5. Heat the oven to 325. When the 20 minutes is over, place them on your baking stone and bake them for 25 – 30 minutes, depending on the speed of your oven. You want them to be baked but not burned, so monitor the first few bakings to make sure you know precisely how long to keep them in the oven.
6. Cool them on a rack. When they are completely cool, you may place them in zip-lock bags and store them in the refrigerator for use. They are best used within 48 hours of baking.
You may freeze prosphora but they tend to thaw out so that parts of the outer edge flake off. Our preference is that they be as freshly baked as you can manage. Try Saturday night after you have come home from Great Vespers.

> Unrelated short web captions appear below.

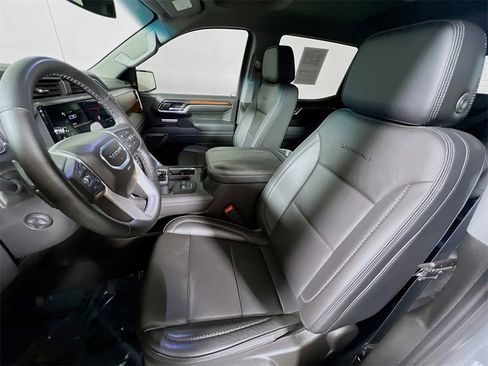 Used 2025 GMC Sierra 1500 Denali image 18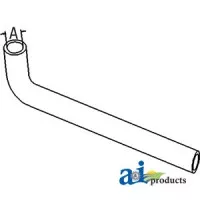 30400-88310 - Radiator Hose, Upper 	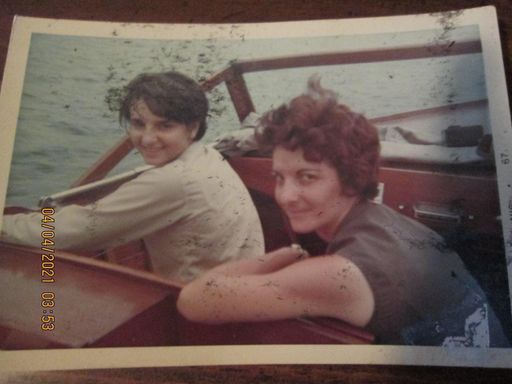 Shirley Pauline (Downs)  Hutchins photo gallery thumbnail 67 of 71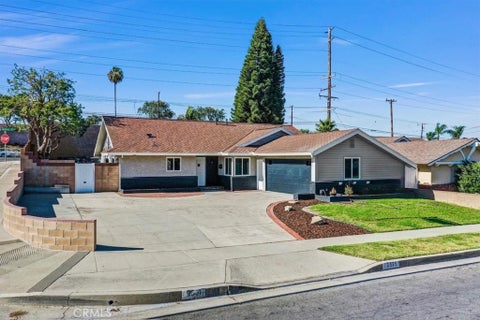 Photo of 2531 Grayville Dr, La Habra, CA 90631 (MLS # PW26128105)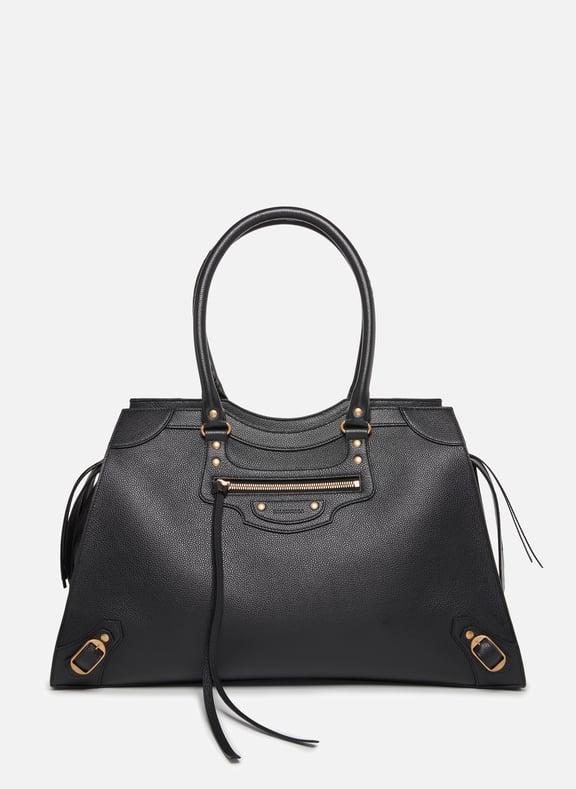 LARGE NEO CLASSIC CITY LEATHER BAG BALENCIAGA for WOMEN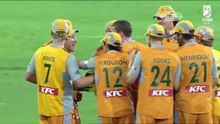 2009 Australia Vs New Zealand 1st T20 Extended Highlights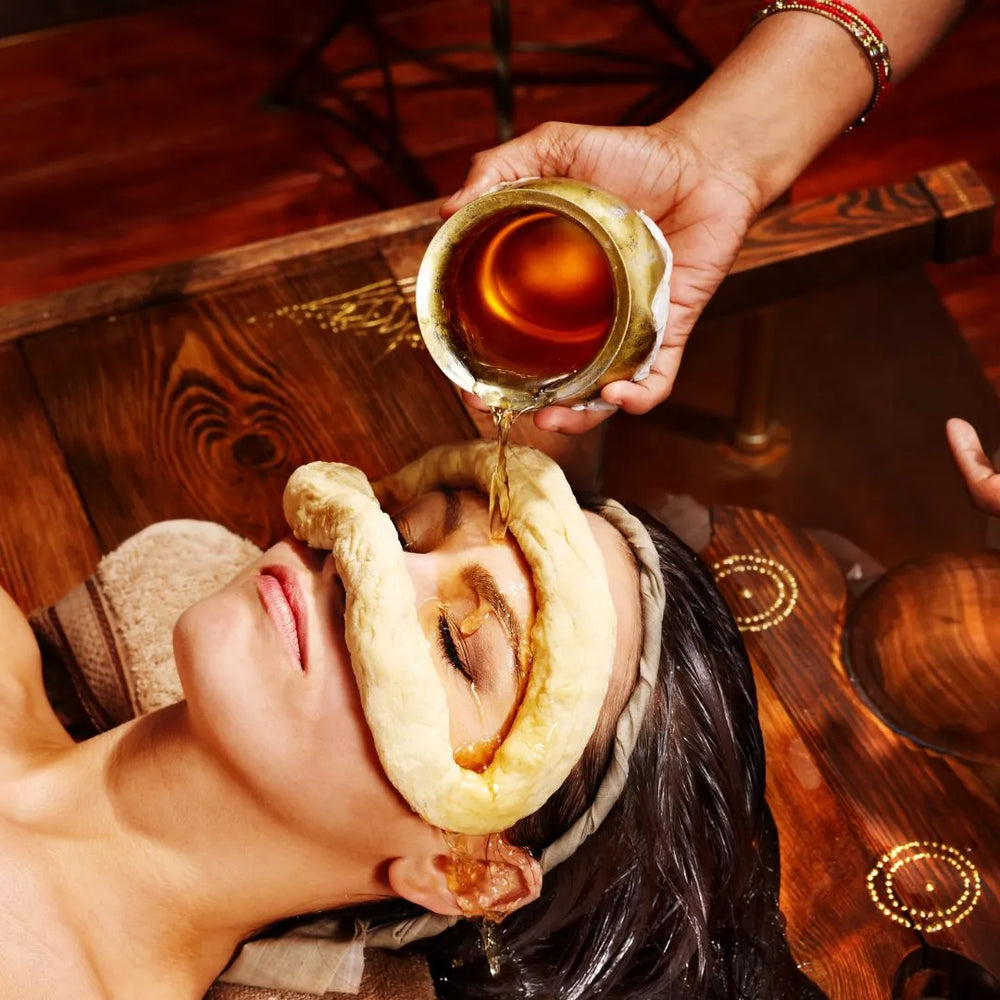 Benefits of Abhyanga Ayurvedic Marma Massage: Enhance Wellness, Relieve Stress, and Restore Balance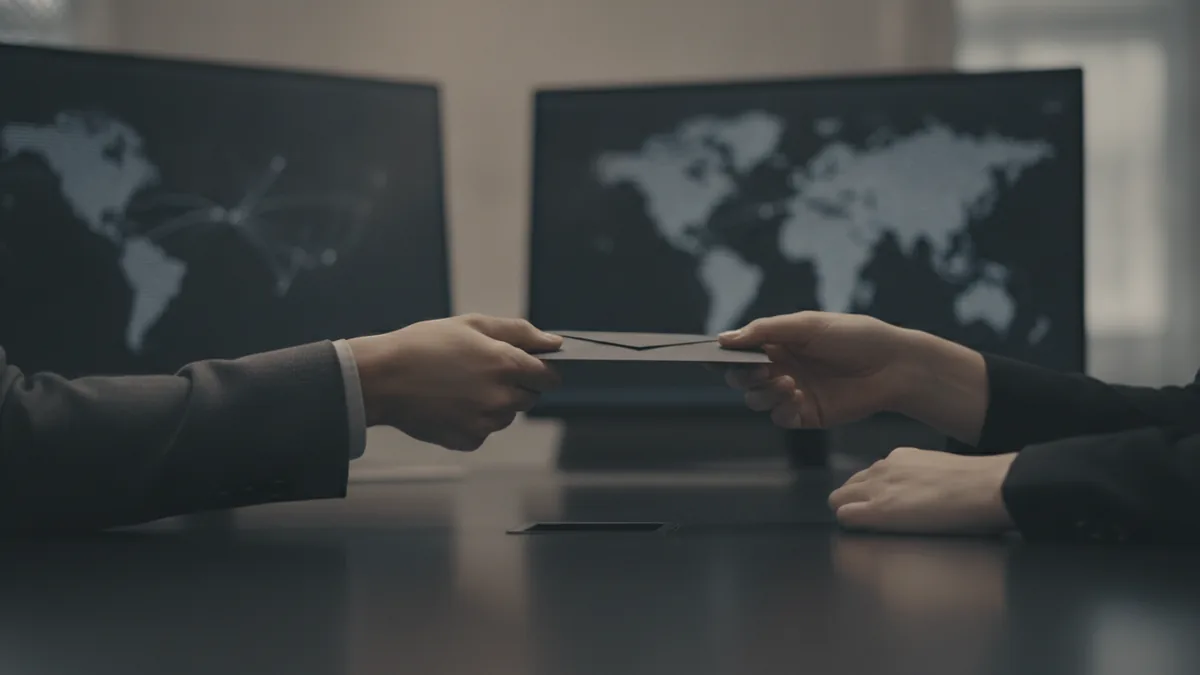 People-focused peer-to-peer payments with a sense of trust and connection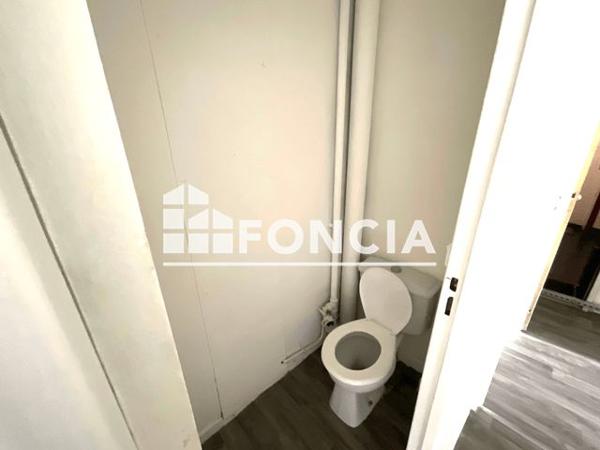 À vendre Appartement 4 pièces 67.9 m² - Rosny-sous-bois 93110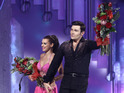 The actor says that he and Vicky Ogden could be "special guests" on the DOI tour.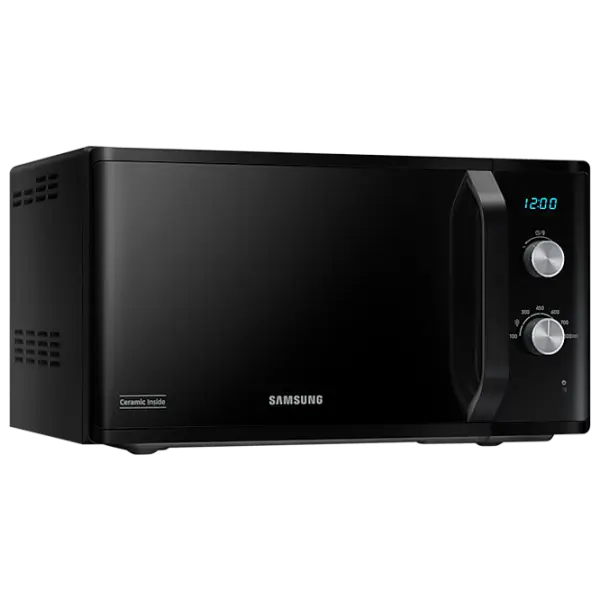 Cuptor cu microunde Samsung MS23K3614AK/BA Standart 800 W Black photo 6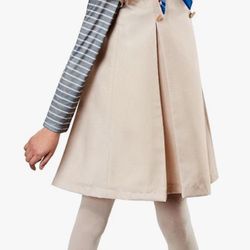 Megan Costume Size 10-12 Girls Costume Halloween 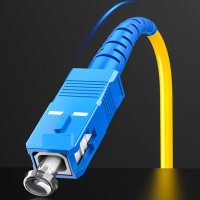 单模光纤10米 SC转SC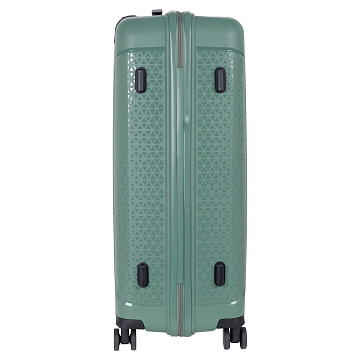 Чемодан PP большой РР811 (28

The entire time needed for prosphora production is two and a half hours start to finish, so you can fit them into your schedule easily. Refrigerate them overnight.
Ss. Spiridon and Nikodim (12th C.) baked prosphora for the Kievan Caves Monastery (Pechersk). Spiridon was illiterate but fulfilled his calling for over thirty years. He sang the Psalms while he prepared the loaves and so memorized the whole Psalter. Remember them, and ask them to remember you, when you are baking.